--- Records supplied Enclosed Below ---
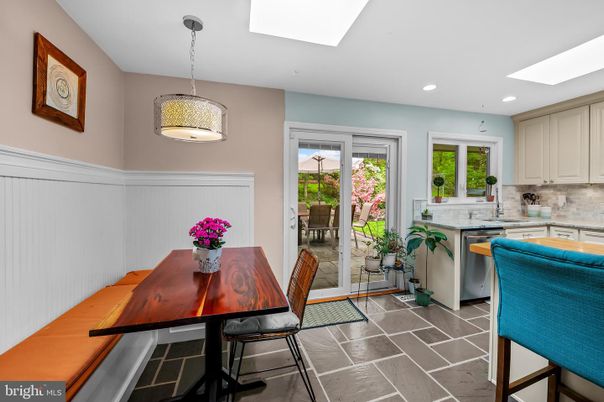 Dining room, Interior, Kitchen, Pendant Lights, Recessed Lighting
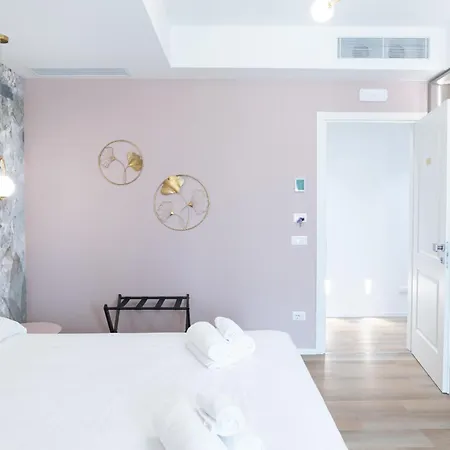 Maison Rasella Palace Отель *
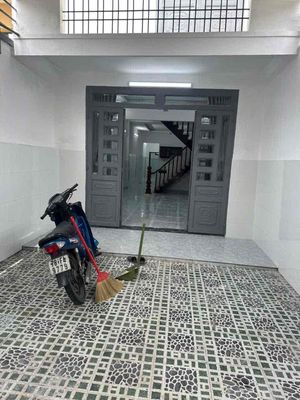 nhà 3 lầu hẻm 740 quốc lộ 13 4pn 100m2 nhà mới gần chợ Đầu Mối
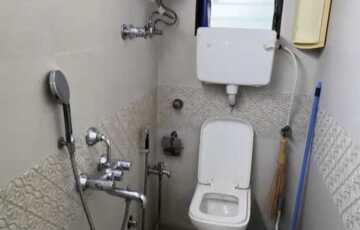Rent Furnished 2 Bhk at Juhu Tara Rd, Nr Juhu Beach.
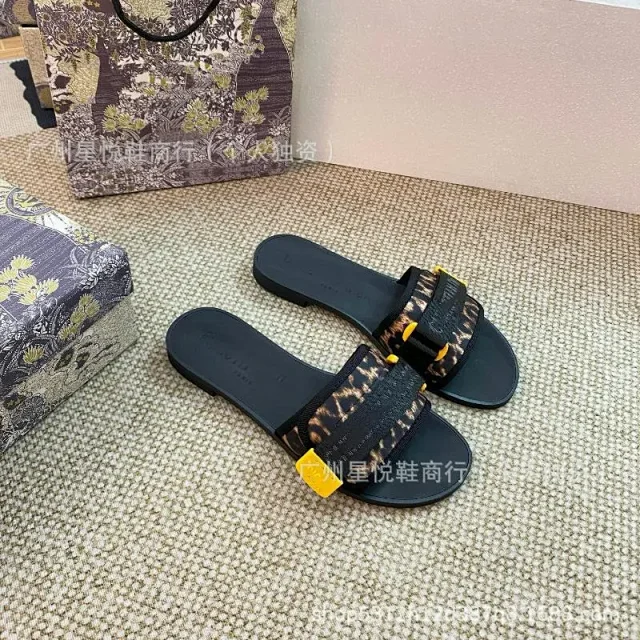Dior Slippers Embroidered Logo Strap Flat Slides product detail image 8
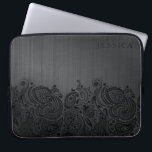 Black Metallground & Black Paisley Snöre Laptop Fodral<br><div class="desc">Svart borstat aluminiumtryck och svart paisley snöre. Anpassningsbar och valfritt monogram.</div>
--- End of Enclosed Records supplied ---
In the answer, the entries must appear exactly as above, without the images.

 Dining room, Interior, Kitchen, Pendant Lights, Recessed Lighting
 Maison Rasella Palace Отель *
 nhà 3 lầu hẻm 740 quốc lộ 13 4pn 100m2 nhà mới gần chợ Đầu Mối
Rent Furnished 2 Bhk at Juhu Tara Rd, Nr Juhu Beach.
Dior Slippers Embroidered Logo Strap Flat Slides product detail image 8
 Black Metallground & Black Paisley Snöre Laptop Fodral<br><div class="desc">Svart borstat aluminiumtryck och svart paisley snöre. Anpassningsbar och valfritt monogram.</div>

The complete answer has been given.